A Man of Two Faces: A Memoir, A History, A Memorial by Viet Thanh Nguyen
With insight, humor, formal invention, & lyricism, in A Man of Two Faces, Viet Thanh Nguyen rewinds the film of his own life. He expands the genre of personal memoir by acknowledging larger stories of refugeehood, colonization, & ideas about Vietnam & America, writing with his trademark sardonic wit & incisive analysis, as well as a deep emotional openness about his life as a father & a son.
At the age of four, Nguyen & his family are forced to flee his hometown of Ban Mê Thut & come to the USA as refugees. After being removed from his brother & parents & homed with a family on his own, Nguyen is later allowed to resettle into his own family in suburban San José.

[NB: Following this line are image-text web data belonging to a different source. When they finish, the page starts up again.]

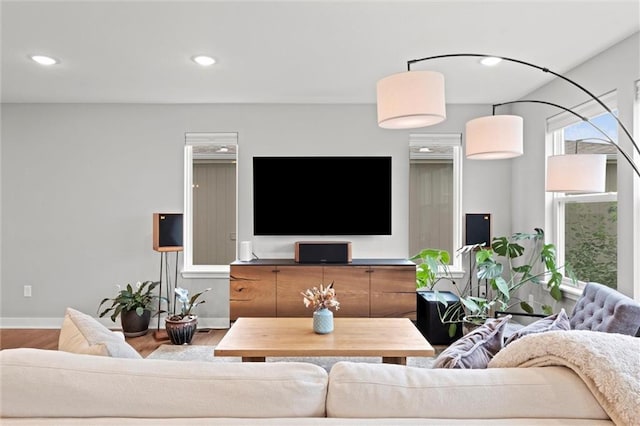 8810 SW 9th Ter, Blue Springs, MO 64064 - living area featuring wood finished floors and recessed lighting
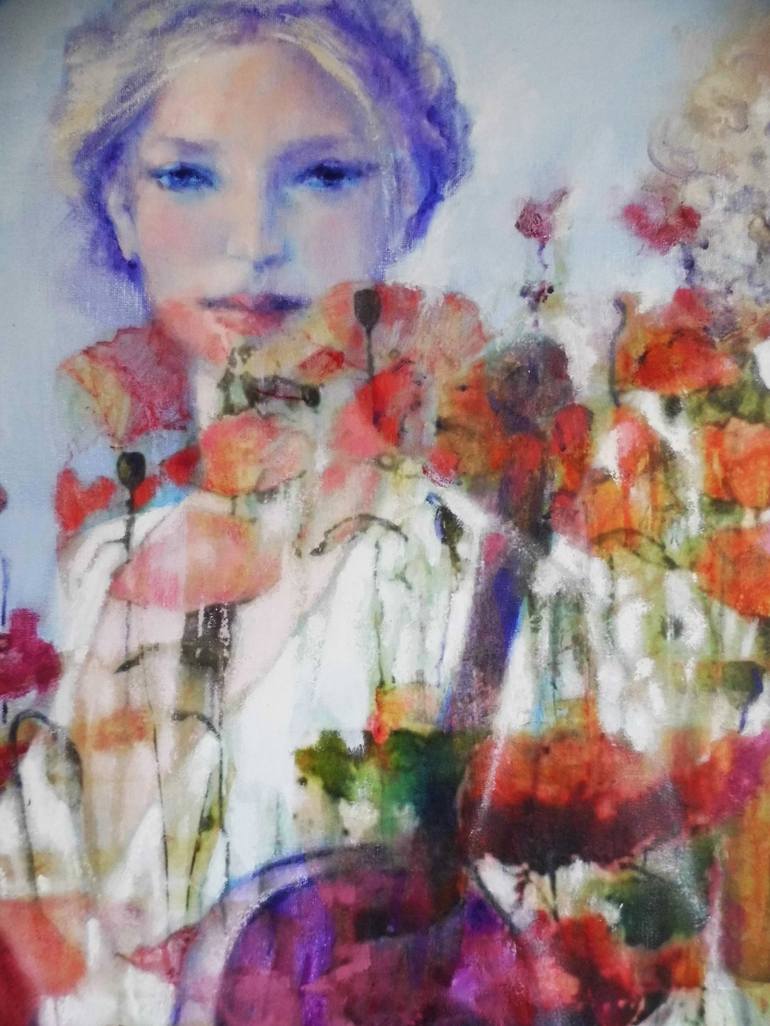 Original Figurative Floral Painting by Mireille Rolland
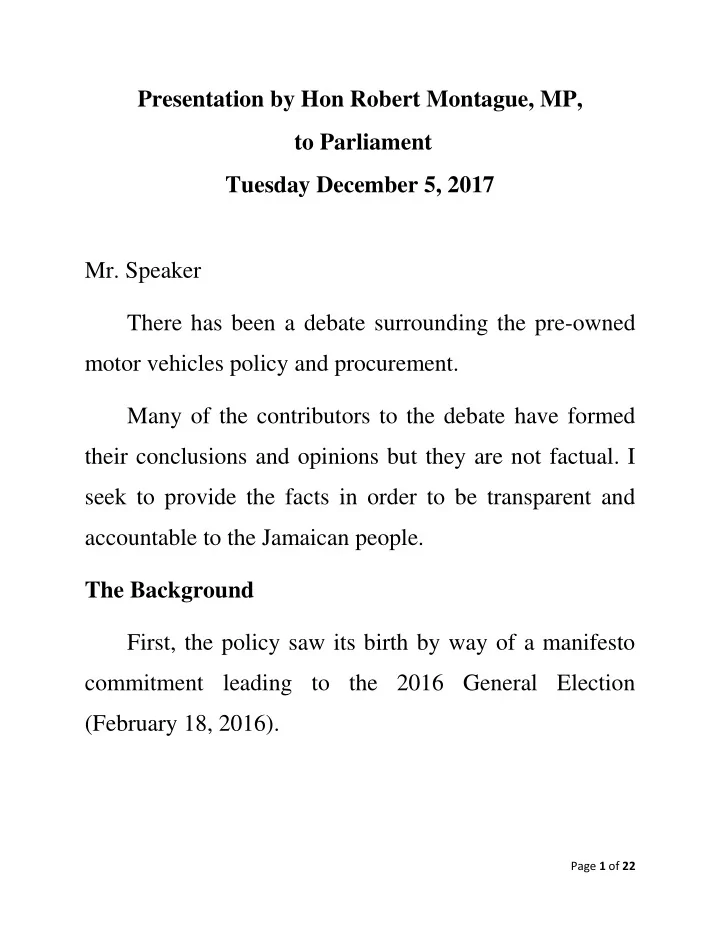 presentation by hon robert montague mp to parliament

But there is violence hidden behind the sunny façade of what he calls AMERICA™. One Christmas Eve, when Nguyen is nine, while watching cartoons at home, he learns that his parents have been shot while working at their grocery store, the SàiGòn Mi, a place where he sometimes helps price tins of fruit with a sticker gun. Years later, as a teenager, the blood-stirring drama of the films of the Vietnam War such as Apocalypse Now throw Nguyen into an existential crisis: how can he be both American & Vietnamese, both the killer and the person being killed?
When he learns about an adopted sister who has stayed back in Vietnam, & ultimately visits her, he grows to understand just how much his parents have left behind. And as his parents age, he worries increasingly about their comfort & care, & realizes that some of their older wounds are reopening,
Profound in its emotions & brilliant in its thinking about cultural power, A Man of Two Faces explores the necessity of both forgetting & of memory, the promises America so readily makes & breaks, & the exceptional life story of one of the most original & important writers working today.